In both cases of MFI IPOs, people who may once have created MFIs with the noble intention of making a contribution to development, put the MFIs they had created into the hands of “the capital market.” Apparently they thereby lost control over the MFIs and became unable or unwilling to maintain the developmental orientation they may once have had. More precisely, they put their MFIs into the hands of hedge funds and private equity companies – that is, of investors who presumably are only interested in profit and are indifferent to developmental and social effects and aspirations.

We can thus conslude that while MF continues to be socially, morally and economically valuable undertaking, recent developments have caused a moral crises of MF resulting from the excessive commercialization which should and can be avoided.

India has recently come out with a draft bill on MF which among others proposes to cap the upper rate at which loans can be given, method of recovery of loans from the borrorwers, limit on multiple laons by the borrower and bringing a tighter regime of the regulator on the functioning of MFIs. While it may address some of the ills that have plagued and paralysed the sector, the ripple effect of what happened in Andhra Pradesh, the defiant attitude of some of the MFI (thinking that Government in any case will have to bail them out), reluctance of Banks to pump in further funding into the MF and a slight political bias against MFIs (which, while may be justified in terms of excessive commercialization has the danger of drying out entire MF market and forcing people esp women to turn to money lenders yet again)may continue to pose serious obstacles in restoring a MF market which works for the benefit of the borrowers and yet is commecially vaible. The need for MFI has emerged on account of the failure of the Banking sector to be accessable in every nook and corner of the country and thus forcing poor borrowers to pay that extra differntial and the long term solution is "Financial Inclusion" which will ensure that Loans are available to the poor and needy and the Bank determined interest rates.

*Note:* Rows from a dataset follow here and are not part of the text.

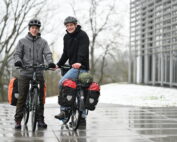 Zwei Menschen in Helmen und Jacken lächeln neben mit Ausrüstung beladenen Fahrrädern an der Hochschule Coburg. Sie stehen auf nassem Asphalt zwischen kahlen Bäumen und einem modernen Gebäude in der winterlichen Umgebung.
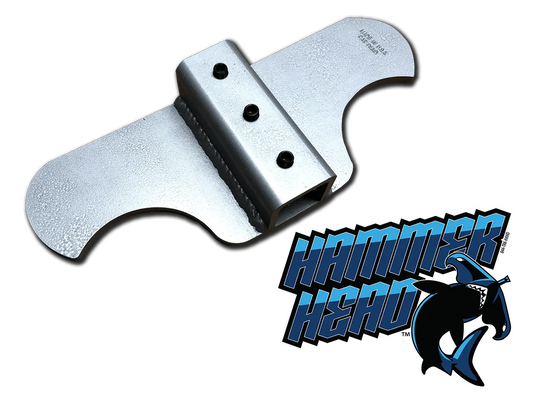 A close-up image of a hammer and shark logo. The hammer is in the foreground and the shark logo is in the background. The hammer is silver and the shark logo is black.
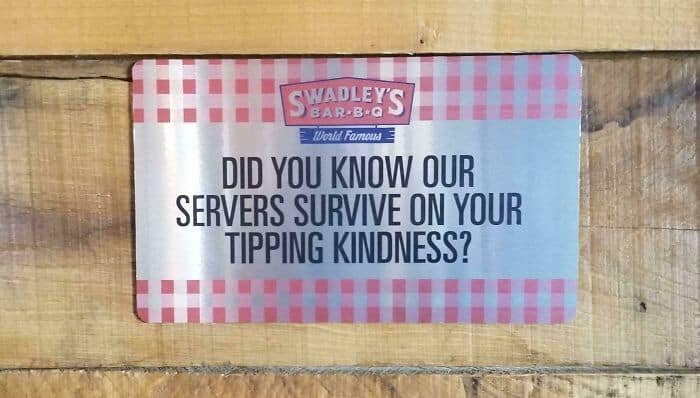 Restaurant sign admitting servers rely on tips to survive financially instead of wages.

ps. I was greatly inspired reading "Ethics in Microfinance" by Reinhard H. Schmidt ("Value & Ethincs for the 21st Century, a BBVA publication) and most of these thoughts flow from him.

7 comments:

  1. Dear Arvind,

    This is an excellent review of the history of the financial access movement world-wide and in India. And, to my mind there is no question that there is much work that is ahead of us if the challenges of financial access are to be fully resolved, including those of high interest rates, rigid product designs, limited product suites, and absence of any kind of cogent financial advice combined with comprehensive customer protection legislation.

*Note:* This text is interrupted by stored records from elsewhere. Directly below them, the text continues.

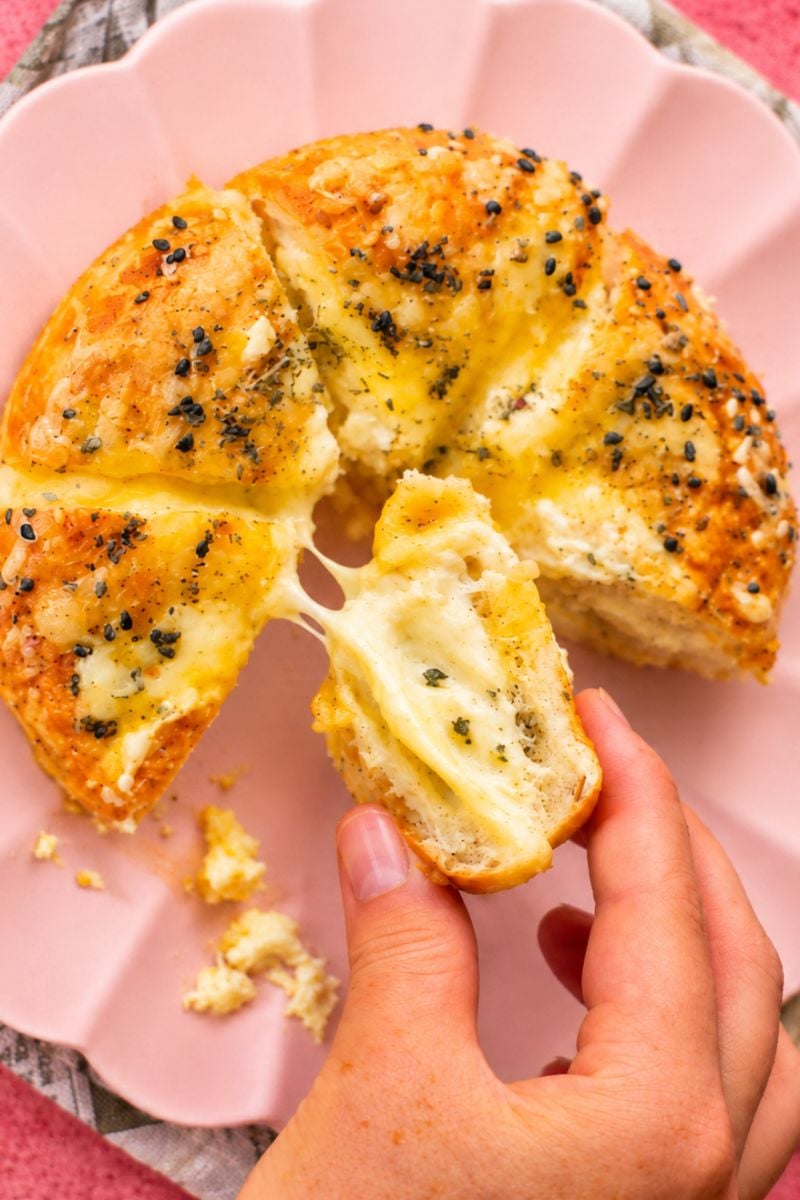 Hand holding a piece of golden stuffed bagel filled with warm, creamy cheese.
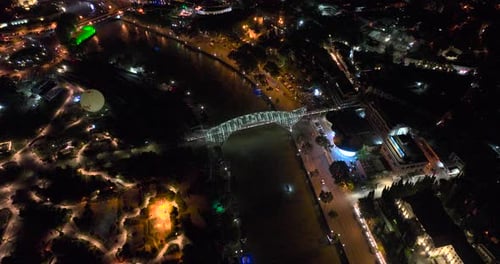Night aerial view of Bridge of Peace and beautiful cityscape in the center of Tbilisi, Georgia 2022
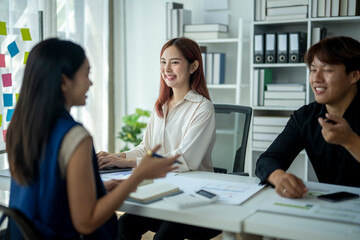 Three people are sitting at a table in a room, smiling and talking to each other. The woman in the center is typing on a laptop, while the other two people are looking at her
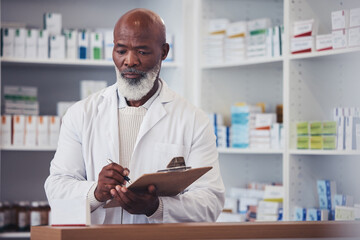 Pharmacy, clipboard and mature black man writing notes of product description, medical drugs information or clinic stock take. List, pills and African pharmacist doing store inventory of supplements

    However, I wonder if excessive commercialisation is indeed the cause the crisis and if interest rate caps and putting limits on competition and supply of loans per household the way forward to address the issue in a durable fashion. I want to draw your attention to some data / research that points in a different direction:

    1. In over 250 districts outside Andhra Pradesh (AP), week on week, repayment performance of MFIs continues to be near 100%, including that for the larger MFIs. Clearly there must be factors unique to AP that lead to the dramatic drop of collections in AP and could not be a spontaneous reaction on the part of the borrowers.

    2. Research indicates that MFIs are a miniscule part of the households' debt portfolio even in AP and that while multiple borrowing does exist, it is largely from non-MFI sources, and in either case is a very different phenomenon from excessive leverage or over-borrowing. Perhaps limiting the number of loans per household will result in even higher obligations to money lenders and could exacerbate and not ameliorate the problems of excessive leverage.

    3. To the best of my knowledge no research has found a systematic causal linkage between the suicides in AP (either the most recent post MFIs ones or the earlier ones) or in Vidharbha and formal lenders (whether banks of MFIs) -- it is often failure of the crop or other shocks that have produced the loss of income that is the trigger. There is clearly need for high quality loan product design (including perhaps embedding commodity derivatives within loans) here which will help all farmers deal with these shocks but it does not automatically follow that farmers would have been better off if loans had been denied to them entirely and if lower interest rates would have resulted in a different outcome.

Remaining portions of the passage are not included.